◆ **Problem requirements**: Would you please copy only the lines from the line that contains "Leslie Bibb for" to the end of the data below, exactly, leaving every picture out?

◆ **Raw data**:
------------------------------------------------
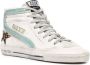 Golden Goose star-patch lace-up sneakers White - Thumbnail 2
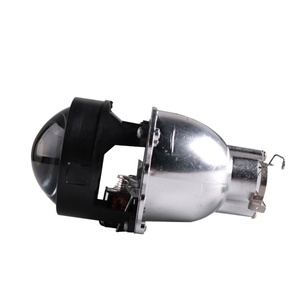Guangzhou Sanvi Wholesale Auto <b>Light</b> HID Bi Xenon <b>Projector</b> Lens Headlight for Visteon <b>Projector</b> Lens 2.5 Inch H1 Xenon Lens - Product Image 1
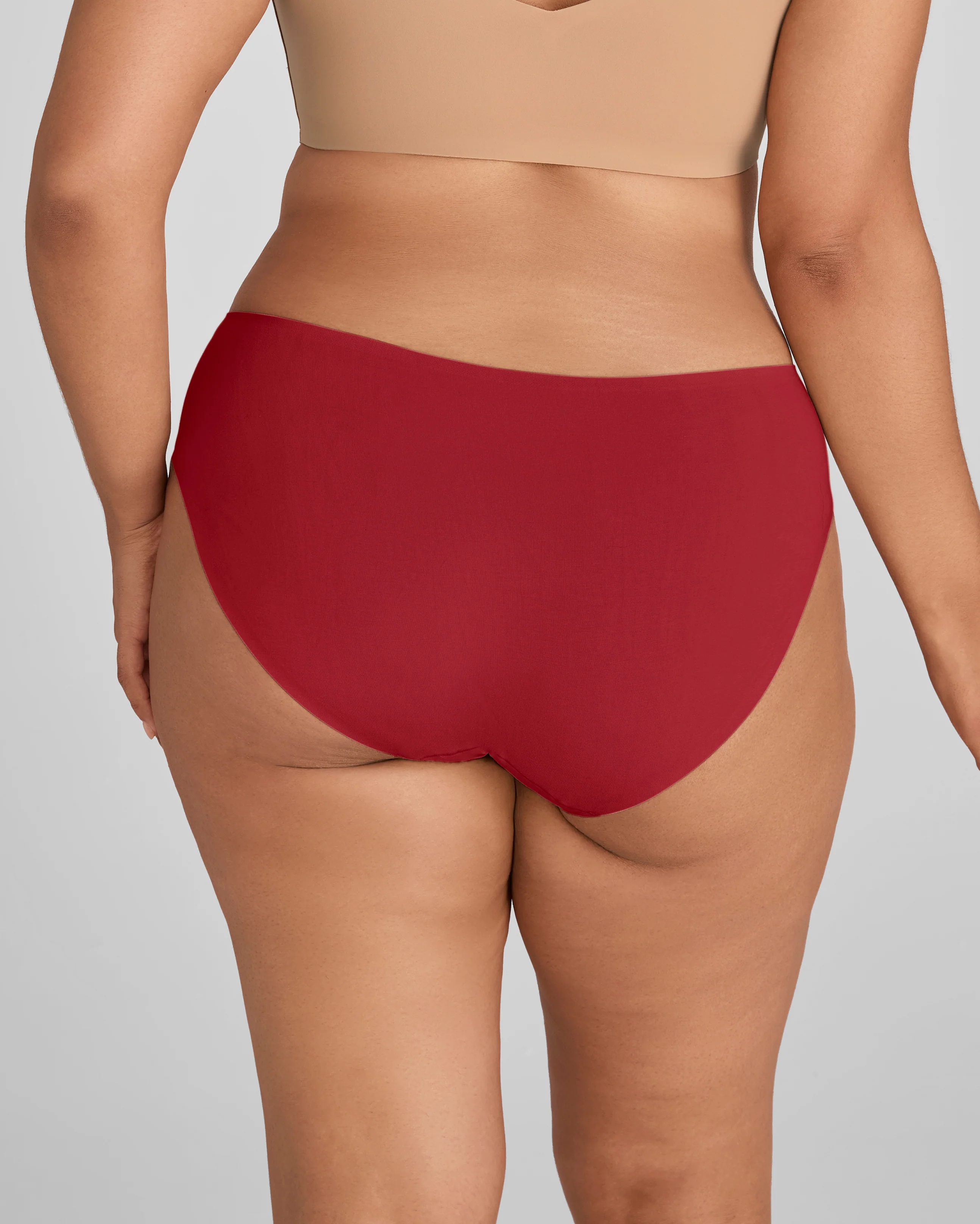 SoftForm Cotton Mid-Rise Brief - Image 49
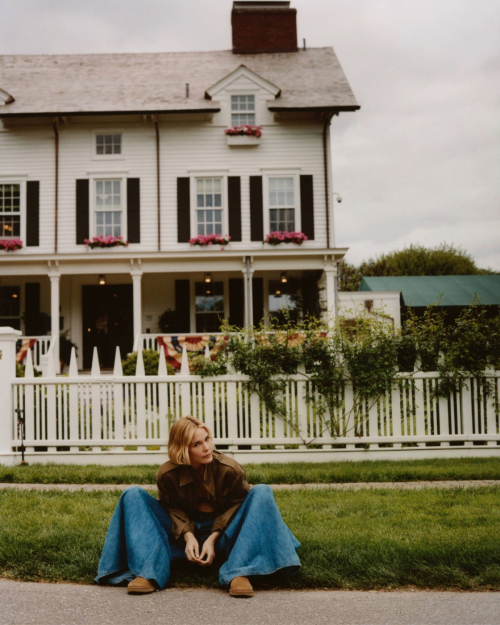 Leslie Bibb for Cultured Magazine, June/July 2025 3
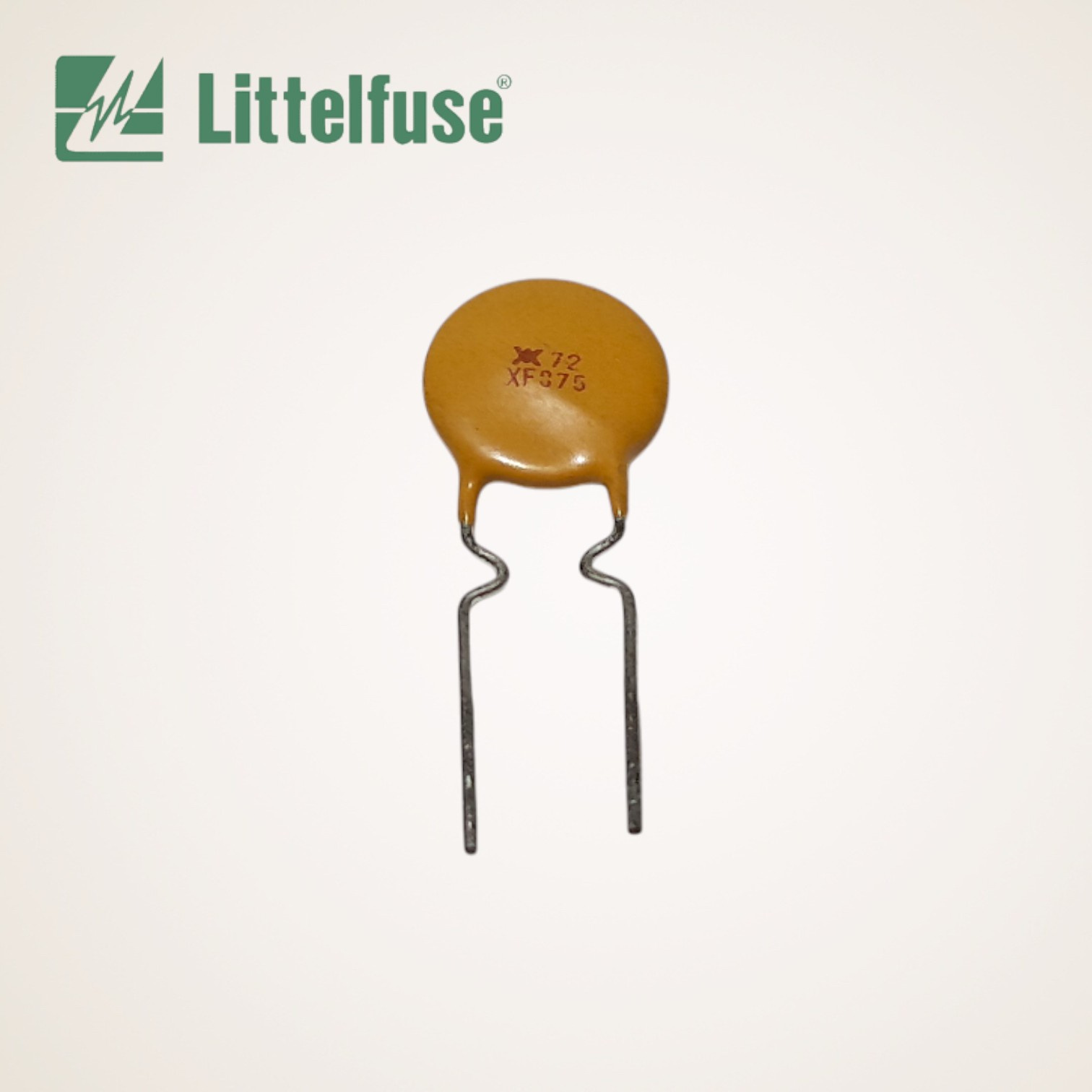 FUSIVEL RESETAVEL 750MA 72V POLYSWITCH AMARELO - RXEF075 - LITTELFUSE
------------------------------------------------
◆ **Task solution**:
 Leslie Bibb for Cultured Magazine, June/July 2025 3
 FUSIVEL RESETAVEL 750MA 72V POLYSWITCH AMARELO - RXEF075 - LITTELFUSE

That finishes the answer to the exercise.